Asombro, fascinación, sensación de pequeñez conviven con el anhelo de dominio de lo que nos antecede, nos supera y lo que posee la prosperidad de la vida o su destrucción. Una antigua fiesta agrícola agradecía al cielo los frutos de la tierra en la época de la cosecha. El trabajo, los miedos e incertidumbres, la esperanza… que se habían vertido en la siembra y el cuidado de los campos, llegaban a su término con el éxito de la espiga. Había que dar gracias ofreciendo una parte, las primicias, al cielo protector y dador de vida. Los judíos asociaron esta fiesta a la renovación de la Alianza con Dios, cincuenta días después de celebrar su conmemoración. Era una de las grandes celebraciones judías. Este mismo día es en el que ubica el libro de los Hechos de los Apóstoles el envío del Espíritu Santo sobre los apóstoles y los discípulos de Jesús.
En este caso la tierra es cada persona que ha escuchado la Palabra de Jesucristo y se ha abierto para darle acogida. La Palabra es la simiente que queda sepultada en el corazón y en la mente. Esta misma imagen la empleaba el Maestro en la parábola del sembrador. Falta la acción que llegue del cielo para provocar el movimiento de la semilla con agua, viento, calor y luz. Jesucristo es la espiga granada que ha dado fruto multiplicado. En él contemplamos la potencialidad de cada uno de los granos que somos nosotros y miramos con asombro cómo ha alcanzado altura de cielo. Nos asombra, nos maravilla, nos interpela. Es, tal vez, el primer movimiento del corazón hacia Cristo, al reconocer en Él su gloria y su ocultamiento, su humillación y el maltrato recibido. En él reconocemos a uno de nosotros, completamente primero y último. Es Él quien ha facultado nuestra tierra para que sea hábil para el ejercicio de cualquier semilla. Y es Él quien ha mando su Espíritu para ser agua y luz y calor y viento para la prosperidad de cada semilla. Es Espíritu Santo hace eficaz la Alianza de Dios con su Pueblo, porque nos hace capaces de vivir en Cristo, reconocerlo como Hermano, a Dios como Padre y a nosotros como fraternidad. La multitud de granos de la siembra comparten un mismo corazón y una misma alma en entrañable comunión. Esta es la Iglesia, cuyo nacimiento, también al modo de una semilla que rompe su vaina para crecer y dar fruto, está unida a este envío del Espíritu.
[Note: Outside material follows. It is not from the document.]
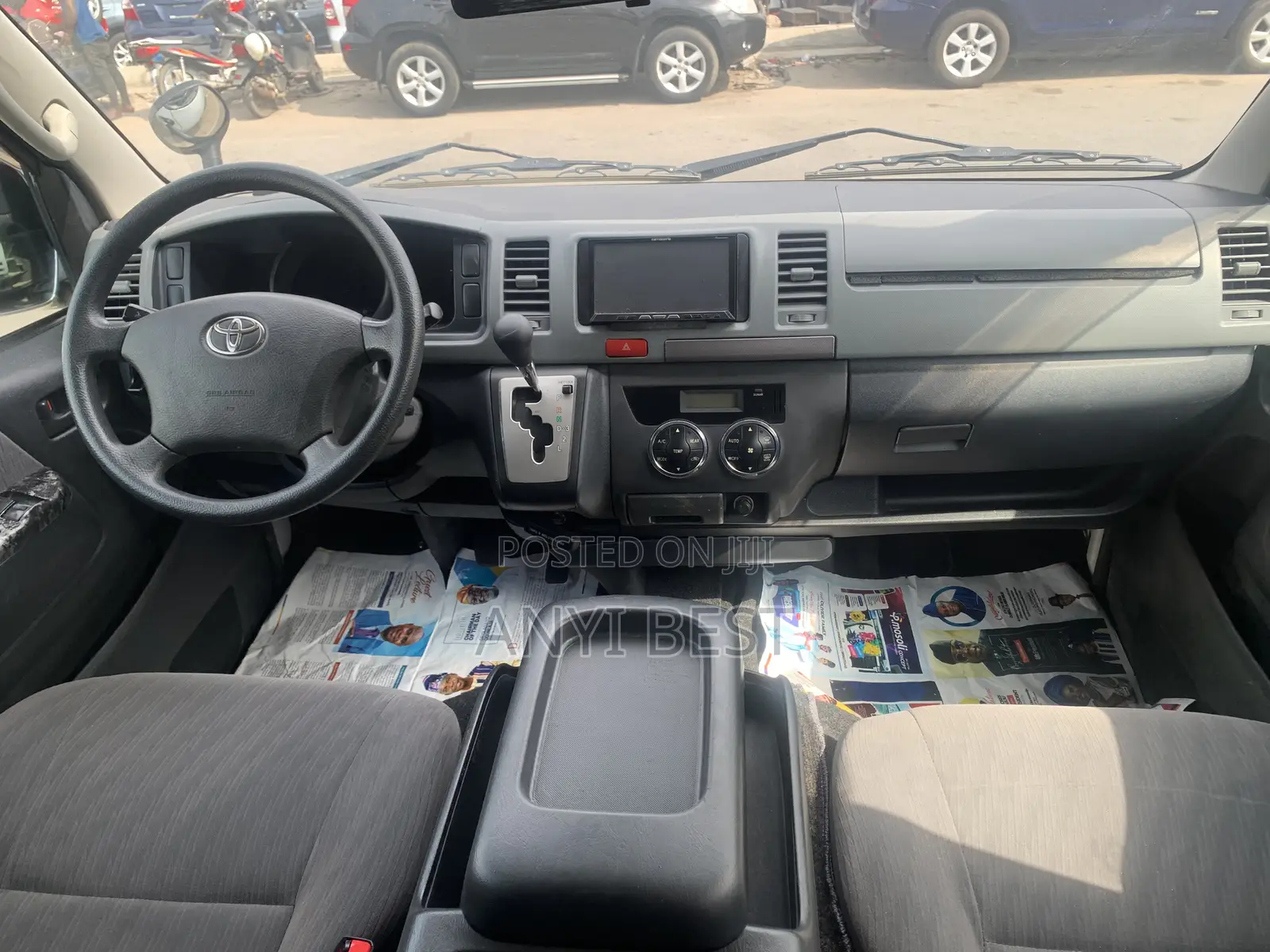 Toyota HiAce 2013 White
Entre los poderes de este Espíritu sobre nuestra grano particular, el de ser perdonados; sobre la Iglesia, el de perdonar los pecados. Otro momento de la vida, la regeneración para seguir dando vida y más vida: vida plural, multiforme, rica en variedad. El don particular se convierte ahora, como antítesis de Babel, en un servicio universal. Cada grano hace vibrar la tierra para que el campo de labor, todo el mundo, sea tierra sangrada, morada del Espíritu, hogar de Dios. Jesucristo nos ha emparentado con el cielo y el Espíritu lo ha hecho posible. No dejaremos de admirar lo celeste y dar gracias ininterrumpidas por sus dones; no descuidaremos amar esta tierra preparada por Dios que es la humanidad y disponerla para que en ella se una lo divino y lo humano y dar frutos en el Espíritu hasta la vida eterna.